Available data:
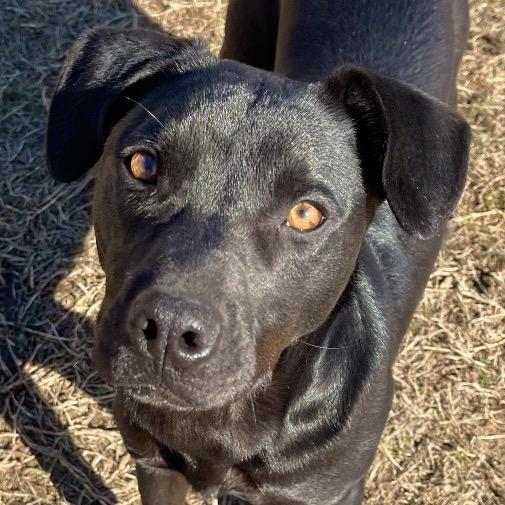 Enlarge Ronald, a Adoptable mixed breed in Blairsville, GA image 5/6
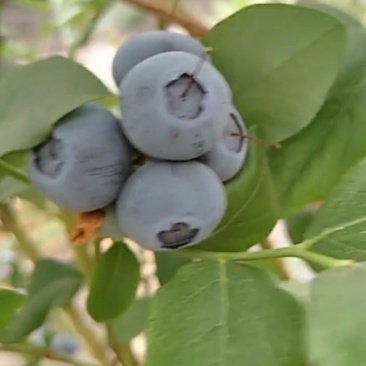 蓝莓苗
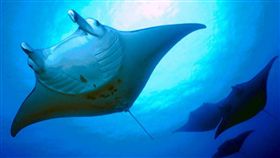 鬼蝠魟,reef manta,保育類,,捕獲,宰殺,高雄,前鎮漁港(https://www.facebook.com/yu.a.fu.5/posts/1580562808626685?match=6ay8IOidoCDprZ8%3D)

Aim of the task:
Render the data above verbatim and without pictures.

Response area:
 Enlarge Ronald, a Adoptable mixed breed in Blairsville, GA image 5/6
 蓝莓苗
 鬼蝠魟,reef manta,保育類,,捕獲,宰殺,高雄,前鎮漁港(https://www.facebook.com/yu.a.fu.5/posts/1580562808626685?match=6ay8IOidoCDprZ8%3D)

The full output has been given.